Christmas drew near and Patty wore herself out in the shops and spent her time at home in the manufacture of gifts with her own hands. They were very apt hands at anything pretty and useless. She was going to have a Christmas tree, too, a recent affectation borrowed from the Hessian soldiers who had remained in the country after the Revolution.
The evening of the sixteenth of December was unbearably chill. The fire itself seemed to be freezing red. The thermometer outside the house dropped down to ten belowzero. The servants refused to go to the corner for water and Patty was frightened into staying home from a ball she was invited to.
That was the ultimate proof of terror. It was one of the times when the outer world was so cruel that just to sit within doors by a warm fire was a festival of luxury; just to have a fire to sit by was wealth enough.
Patty was so nearly congealed that she climbed into her husband’s lap and gathered his arms about her like the ends of a shawl. It had been a long while since she had paid his bosom such a visit and he was grateful for the cold.
And then the great bell spoke in the City Hall tower—spoke one huge resounding awful word, “Fire!” before it broke into a baying as of infernal hounds.
When RoBards started to evict Patty from his lap she gasped: “You’re not going out on such a night?” RoBards groaned: “I’ve got to!” He set her aside and ran upstairs for the basket of armor, and Patty followed him wailing with pity.
“Don’t go, darling!” she pleaded. “You can tell them to-morrow that you were sick. You’ll die if you go out in this hideous cold, and then what will become of me? Of us? Of our babies?”
Her solicitude heartened him. He was important to her after all! His death would grieve her. That added a beauty to duty. But it took away none of its authority.
While he struggled into his boots, she ran to a window looking south and drew back the curtains. Through the thick lace of frost on the panes a crimson radiance pierced, imbuing the air with a rosy mist as if the town were seen through an upheld glass of Madeira.

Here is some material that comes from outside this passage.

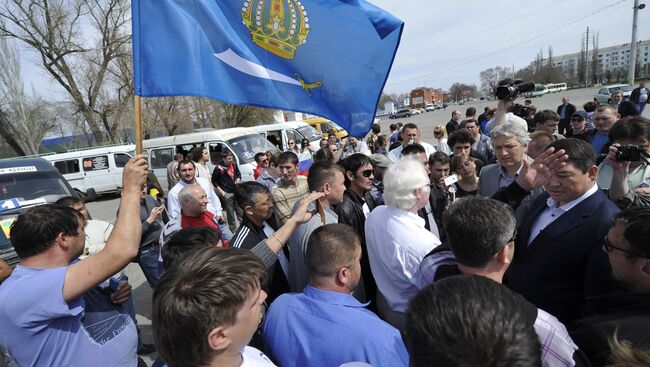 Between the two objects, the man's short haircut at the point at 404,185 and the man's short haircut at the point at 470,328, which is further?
the man's short haircut at the point at 404,185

“It looks like the end of the world!” Patty screamed. “What will become of our beautiful city now? It will be nothing but ashes to-morrow. Don’t go! You’ll be buried under a wall, or frozen to death in the streets. If you’ll promise not to go down into that furnace, I’ll go with you to-morrow to Tuliptree Farm, and never leave it again!”
His heart ached for her in her agitation, and it wasnot easy to tear off the clinging hands for whose touch he had so often prayed. But he broke free and dashed, helmeted and shod, into the icy world between him and the advancing hell. The fire’s ancient enemy, water, was not at hand for the battle, and the whole city lay helpless.
At the firehouse door RoBards met Harry Chalender. He was dressed for the ball that Patty had planned to attend, and he wore white gloves and dancing pumps.